19 thoughts on “Good Luck With That”

  1. And the Democrats wonder why they’re going to lose badly this November. I hope they keep putting bimbos out in front of the camera… to highlight how out of touch they are.

  2. See, its women like this that make me support bringing back lawful public slapping for offensive and rude statements.
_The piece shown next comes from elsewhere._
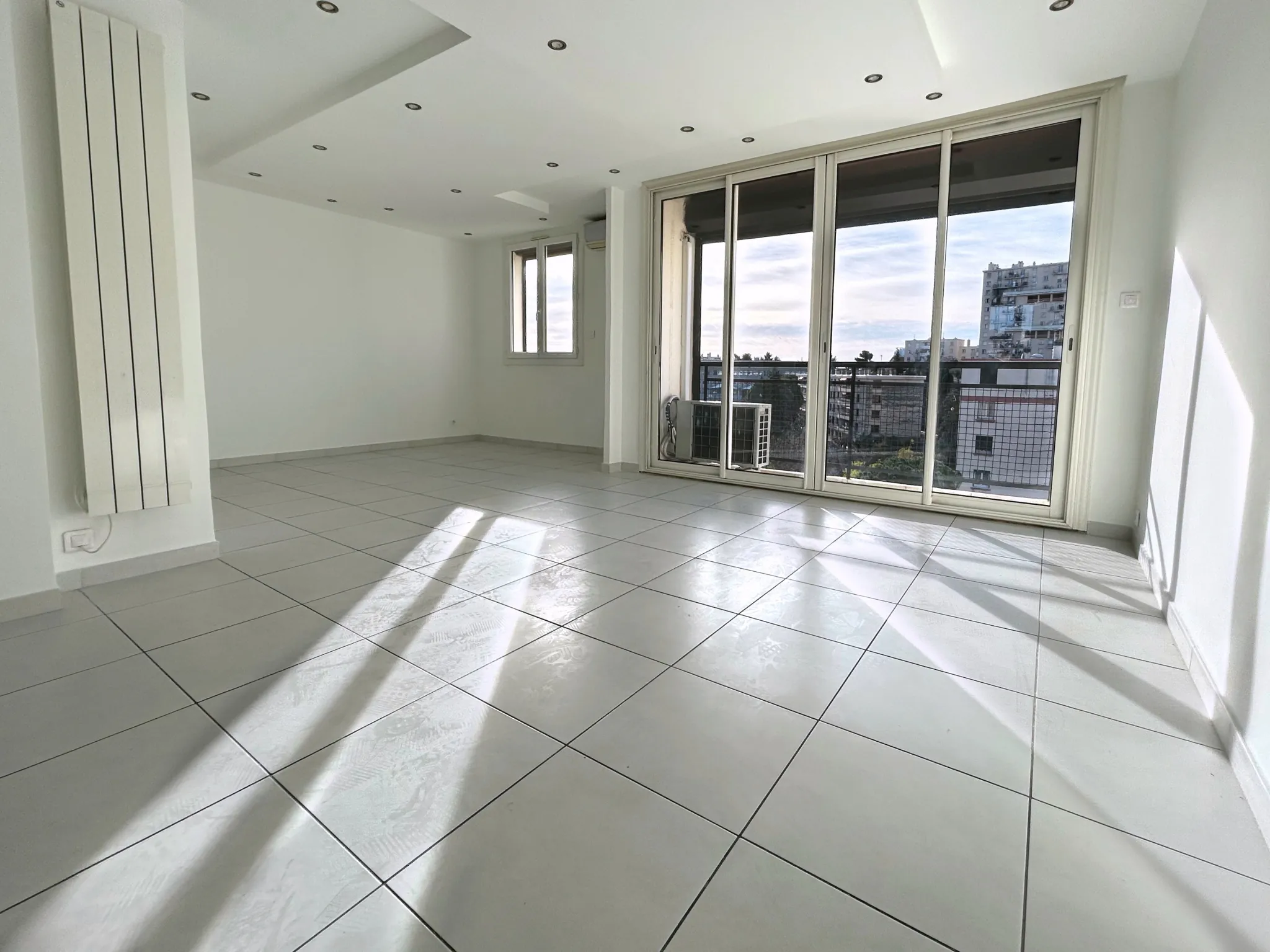 Vente appartement T3 de 64,92 m² avec balcon à Marseille Bon-Secours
  3. If this were actual journalism, an adult discussion would go beyond sound bites (it’s a digital world, shouldn’t it be bytes?) Speaking as adults is not something the demagogues and the dim bulbs of our media (both left, right and other) would ever allow.

  4. G’day,

    As an Australian I find criticisms of privatizing pension (Social Security) amusing. We have had something similar since the 1990s, and introduced by a leftest Labor government too. 9% (soon to increase to 12%) of everyone’s wages go into private superannuation funds , the Superannuation Guarantee. You are encouraged to make additional personal contributions too. Sure they took a hit in 2008 when the market crashed but rather then panic I *increased* my personal contributions . My view was the low share prices meant it was bargain time. Seems I guess well too my fund went up by over 7% last financial year. Even with the GFC my fund averaged over 3% over the last ten years, a lot better return then paying taxes thats for sure.

    ta

    Ralph

  5. Is that Rodney McKay?

    Just kidding. I like Ryan. Even more now that I see he shares my sarcastic sense of humor.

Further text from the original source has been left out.